Er verstehe, wenn sie jetzt sauer werde, sagte der Monteur
Der Monteur lobte die Kühlkombi, nur der Kompressor sei hinüber. Sein Kostenvoranschlag belief sich auf 562 Euro. Die Kühlkombi hatte einst 700 Euro gekostet. Der Monteur sagte, er verstehe, wenn meine Mutter sauer werde, das passiere im Moment ständig. Vor zwei Jahren hätte er ihr die Reparatur noch für die Hälfte anbieten können. Aber nun sei alles teurer, von den Ersatzteilen bis zum Sprit. Es mache vielen Kollegen keinen Spaß mehr zu arbeiten, weil man so oft beschimpft werde.
Meine Mutter schimpfte nicht, sondern gab ihm den Kühlschrank mit, er brachte ihn am nächsten Tag zurück. Zwei Tage später piepte der Kühlschrank und stellte die Arbeit wieder ein. Noch einmal zwei Tage später erreichte meine Mutter die nette Frau beim Reparaturservice. Sie sagte: Hier geht diese Woche gar nichts.
Dann schickte sie einen Monteur, der nur Russisch sprach, und einen älteren Herrn, der sich meiner Mutter als Armenier vorstellte und übersetzte. Der Kompressor war wieder kaputt. Meine Mutter mochte den Armenier. Er habe sie angesehen und zu ihr gesagt: In Deutschland funktioniert gar nichts mehr.
Ein Eindruck, den meine Mutter zunehmend teilte. Der russischsprachige Monteur und der Armenier nahmen den Kühlschrank wieder mit. Die Firma bestellte einen neuen Kompressor. Als der kam, war niemand da, der ihn einbauen konnte. So verging eine weitere Woche. Der serbische Nachbar meiner Mutter hat Platz in seinem Kühlschrank für ihre Butter gemacht.
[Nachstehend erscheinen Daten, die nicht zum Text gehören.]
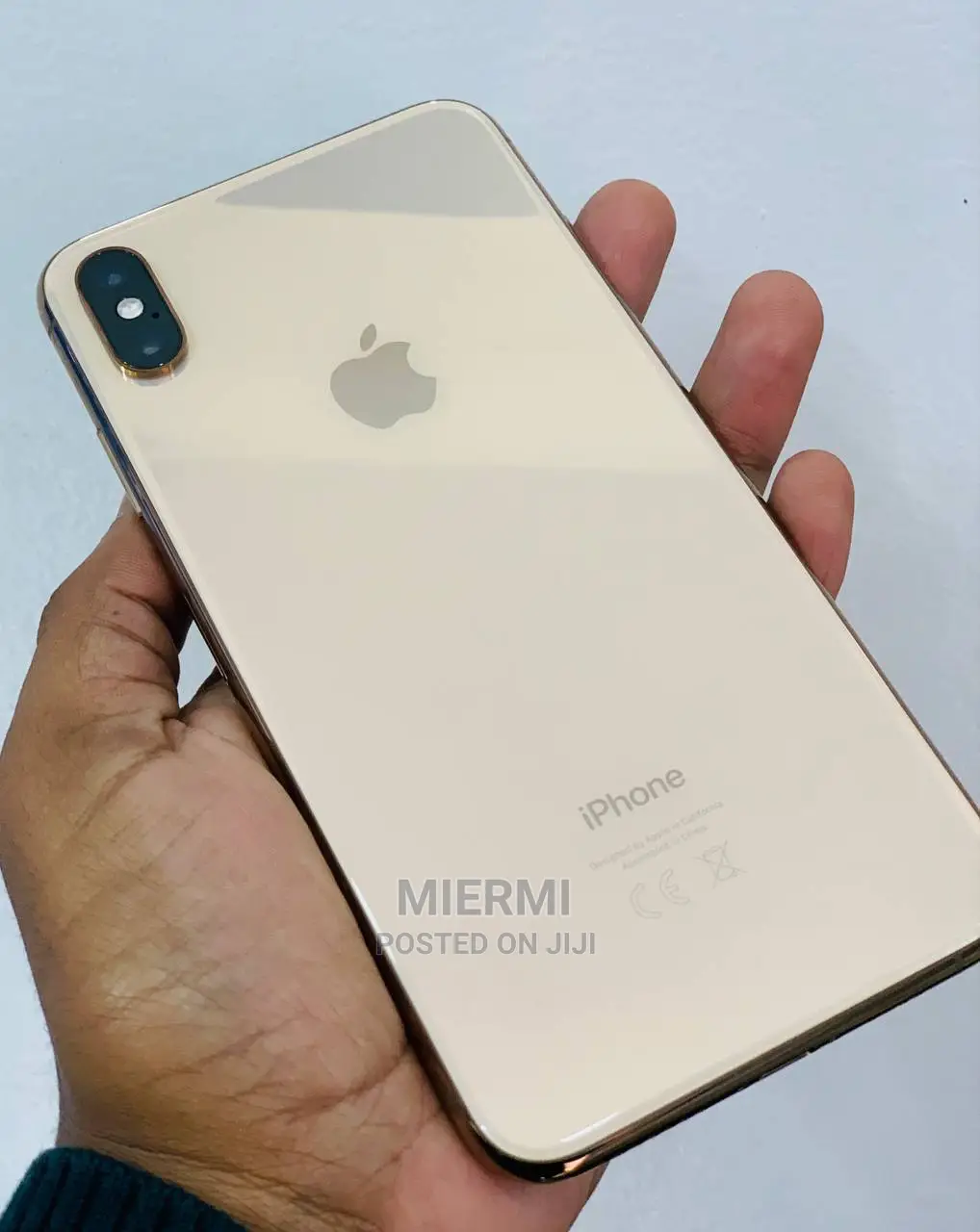Apple iPhone XS Max 64 GB Gold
Sie sei ihm dankbar, hätte aber lieber wieder einen eigenen Kühlschrank, sagte sie mit inzwischen stark zitternder Stimme, als ich sie gestern anrief.
Sie hat ein neues Gerät entdeckt, das weniger kosten würde als die Reparatur, die sie bereits bezahlt hat. Ihr Vermieter hat angekündigt, dass die Heizkosten sich verdoppeln bis verdreifachen werden. Aber erst mal waren in Berlin schon wieder 34 Grad. Es ist nur ein Kühlschrank? Das war einmal.